Rammstein sind tatsächlich ein schwer erklärbares Phänomen. Von vielen verachtet, von anderen geliebt, konstatiert der Kunst-Intellektuelle, dass die Kompositionen der Band in ihrer Einfachheit die Musik geradezu pervertieren und der Literaturwissenschaftler bekommt Ohrenkrebs, wenn er sich Lindemanns lyrisch verklausulierte Sex- und Gewalt- und Leidtexte anhört. Und dennoch ist die Formation rund um ihren Sänger der bekannteste deutsche Rock-Export seit den Scorpions und der erfolgreichste deutsch Singende noch obendrauf. Selbst in den USA verehrt man das Sextett und Kultregisseur David Lynch veranlasste, dass gleich zwei Stücke der Berliner Band auf den Soundtrack seines Lost Highway gelangten. Der Verbund aus martialischem Auftritt, simplen (zum Mitsingen geradezu herausfordernden) Texten und sägenden Gitarrenbeats muss es wohl sein, der in Kombination mit den pyrotechnischen Feuerwerken während der Live-Auftritte dafür sorgt, dass Rammstein seit mittlerweile 22 Jahren höchst erfolgreich durch sämtliche Länder ziehen. Im Zuge ihres Best-of-Albums zum 20. Jubiläum kam entsprechend (erneut) die Idee auf, einen Filmmitschnitt zu produzieren. Während zweier Konzerte im Palais Omnisports de Paris-Berc im März 2012 nahm man die Songs auf und vertraute dabei auf Jonas Åkerlund, der als Regisseur schon die Videos zu „Pussy“, „Mein Land“ oder „Ich tu dir weh“ inszeniert hatte. Der Videoclip-Ästhet, der schon mal selbst als Schlagzeuger unterwegs war (Bathory), hat mittlerweile eine Vita wie kaum ein anderen im Bereich der Musik-Dokus und -filme.

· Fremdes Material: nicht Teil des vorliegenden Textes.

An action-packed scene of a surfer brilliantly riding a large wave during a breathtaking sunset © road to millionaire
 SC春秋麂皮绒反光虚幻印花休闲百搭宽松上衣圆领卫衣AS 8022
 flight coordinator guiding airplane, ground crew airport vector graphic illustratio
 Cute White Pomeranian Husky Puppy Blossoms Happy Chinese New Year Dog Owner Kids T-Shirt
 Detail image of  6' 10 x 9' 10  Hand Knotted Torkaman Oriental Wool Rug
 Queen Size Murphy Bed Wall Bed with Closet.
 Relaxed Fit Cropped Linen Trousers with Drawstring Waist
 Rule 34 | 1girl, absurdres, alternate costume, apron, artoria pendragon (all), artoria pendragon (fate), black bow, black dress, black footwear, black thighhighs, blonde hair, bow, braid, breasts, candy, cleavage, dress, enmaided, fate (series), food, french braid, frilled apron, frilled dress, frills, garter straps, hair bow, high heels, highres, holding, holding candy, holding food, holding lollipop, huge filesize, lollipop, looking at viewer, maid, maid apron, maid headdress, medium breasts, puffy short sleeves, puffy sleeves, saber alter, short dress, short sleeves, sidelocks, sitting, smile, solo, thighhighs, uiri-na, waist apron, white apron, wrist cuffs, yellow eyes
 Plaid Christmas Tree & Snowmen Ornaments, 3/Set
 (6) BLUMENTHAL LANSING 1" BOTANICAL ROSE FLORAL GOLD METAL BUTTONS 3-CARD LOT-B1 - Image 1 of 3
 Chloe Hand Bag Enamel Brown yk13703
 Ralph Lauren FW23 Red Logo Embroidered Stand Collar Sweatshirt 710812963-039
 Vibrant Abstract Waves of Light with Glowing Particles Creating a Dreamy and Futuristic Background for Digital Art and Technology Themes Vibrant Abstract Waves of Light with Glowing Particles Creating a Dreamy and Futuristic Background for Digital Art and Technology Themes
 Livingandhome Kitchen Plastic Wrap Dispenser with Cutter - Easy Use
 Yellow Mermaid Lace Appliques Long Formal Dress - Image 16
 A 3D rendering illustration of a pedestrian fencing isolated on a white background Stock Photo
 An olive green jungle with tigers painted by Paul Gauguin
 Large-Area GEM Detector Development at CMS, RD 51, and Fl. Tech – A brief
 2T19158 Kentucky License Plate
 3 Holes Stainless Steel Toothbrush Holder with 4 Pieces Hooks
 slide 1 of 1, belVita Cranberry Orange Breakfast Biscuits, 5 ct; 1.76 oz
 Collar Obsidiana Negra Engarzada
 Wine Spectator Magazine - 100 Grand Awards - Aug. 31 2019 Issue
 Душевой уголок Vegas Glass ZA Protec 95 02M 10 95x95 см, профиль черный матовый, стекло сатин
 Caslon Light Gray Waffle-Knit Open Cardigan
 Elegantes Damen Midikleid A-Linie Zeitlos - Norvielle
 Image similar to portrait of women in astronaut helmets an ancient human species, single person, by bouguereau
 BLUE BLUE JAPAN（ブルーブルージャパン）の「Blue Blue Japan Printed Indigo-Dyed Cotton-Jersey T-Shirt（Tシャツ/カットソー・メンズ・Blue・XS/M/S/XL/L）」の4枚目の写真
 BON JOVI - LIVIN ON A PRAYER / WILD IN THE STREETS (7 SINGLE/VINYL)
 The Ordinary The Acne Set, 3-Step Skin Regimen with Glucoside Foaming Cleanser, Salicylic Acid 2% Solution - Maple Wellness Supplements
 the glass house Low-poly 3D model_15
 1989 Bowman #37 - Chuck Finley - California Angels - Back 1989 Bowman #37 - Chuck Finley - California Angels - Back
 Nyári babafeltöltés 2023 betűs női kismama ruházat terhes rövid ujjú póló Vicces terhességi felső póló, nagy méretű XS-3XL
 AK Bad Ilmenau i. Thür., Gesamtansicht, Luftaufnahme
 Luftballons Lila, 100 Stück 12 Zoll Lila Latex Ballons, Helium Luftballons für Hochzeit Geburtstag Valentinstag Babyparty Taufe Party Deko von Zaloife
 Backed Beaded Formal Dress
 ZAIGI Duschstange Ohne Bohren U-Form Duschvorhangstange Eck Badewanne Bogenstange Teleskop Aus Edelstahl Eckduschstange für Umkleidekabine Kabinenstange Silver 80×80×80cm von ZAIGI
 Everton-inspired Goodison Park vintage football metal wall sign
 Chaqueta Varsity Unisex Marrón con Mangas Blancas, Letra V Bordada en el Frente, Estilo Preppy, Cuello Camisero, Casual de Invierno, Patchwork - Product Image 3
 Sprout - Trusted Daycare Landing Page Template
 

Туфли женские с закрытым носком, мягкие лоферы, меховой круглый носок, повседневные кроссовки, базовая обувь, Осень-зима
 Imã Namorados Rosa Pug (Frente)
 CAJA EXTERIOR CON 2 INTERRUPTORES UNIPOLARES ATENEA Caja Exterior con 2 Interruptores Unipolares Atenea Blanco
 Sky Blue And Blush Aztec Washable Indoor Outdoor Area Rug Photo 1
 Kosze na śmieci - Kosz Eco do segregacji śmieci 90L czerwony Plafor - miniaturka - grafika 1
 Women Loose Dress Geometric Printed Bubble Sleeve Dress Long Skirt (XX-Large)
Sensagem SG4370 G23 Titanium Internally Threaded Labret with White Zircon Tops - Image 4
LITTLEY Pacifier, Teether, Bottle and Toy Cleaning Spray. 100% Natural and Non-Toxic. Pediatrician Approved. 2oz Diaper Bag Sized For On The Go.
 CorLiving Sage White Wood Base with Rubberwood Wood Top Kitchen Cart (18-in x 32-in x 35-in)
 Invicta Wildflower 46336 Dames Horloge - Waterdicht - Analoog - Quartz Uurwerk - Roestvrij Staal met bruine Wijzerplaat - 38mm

Allerdings lässt er bei Rammstein: Paris dann doch arg raushängen, dass er ein „Künstler“ ist. Kein Wunder, dass er zwei Jahre alleine für den Schnitt brauchte, wenn man bedenkt, dass zu Beginn von „Sonne“ jedes Bild maximal für eine Zehntelsekunde zu sehen ist. Wem nach zwei Minuten noch nicht schwindelig oder schlecht ist, der fährt auch Nonstop in der Achterbahn. Für Fans, die einfach nur ein Konzert und die Show genießen wollen, ist das allerdings bisweilen schwer zu ertragen. Man hat den Eindruck, dass Åkerlund seine 25 oder 30 genutzten (die Angaben widersprechen sich da teils) Kameras unbedingt in jedem einzelnen Song verwenden wollte – auf dicke Hose machen nennt man das wohl unter Gleichgesinnten. Glücklicherweise hält er dieses Stakkato nicht bis zum Ende aufrecht und lässt bspw. beim intimeren Set mitten im Publikum nach gut 70 Minuten den Fokus auch mal für ein bis zwei Sekunden auf einer Position. Jetzt ist es natürlich so, dass die Musik von Rammstein durchaus zu wilden Eskapaden verleitet, doch Åkerlund erzeugt mutwillig Dynamik, wo sie so krass eigentlich gar nicht ist. Selbst bei „Mutter“, einem dann doch eher getragenen Song, wechselt das Bild im Refrain viel zu oft und die Überblendungen während der Strophen schaffen es nicht mal bis zum völligen Aufbau eines jeden Bildes – Herr Åkerlund, hier haben sie es wirklich maßlos übertrieben.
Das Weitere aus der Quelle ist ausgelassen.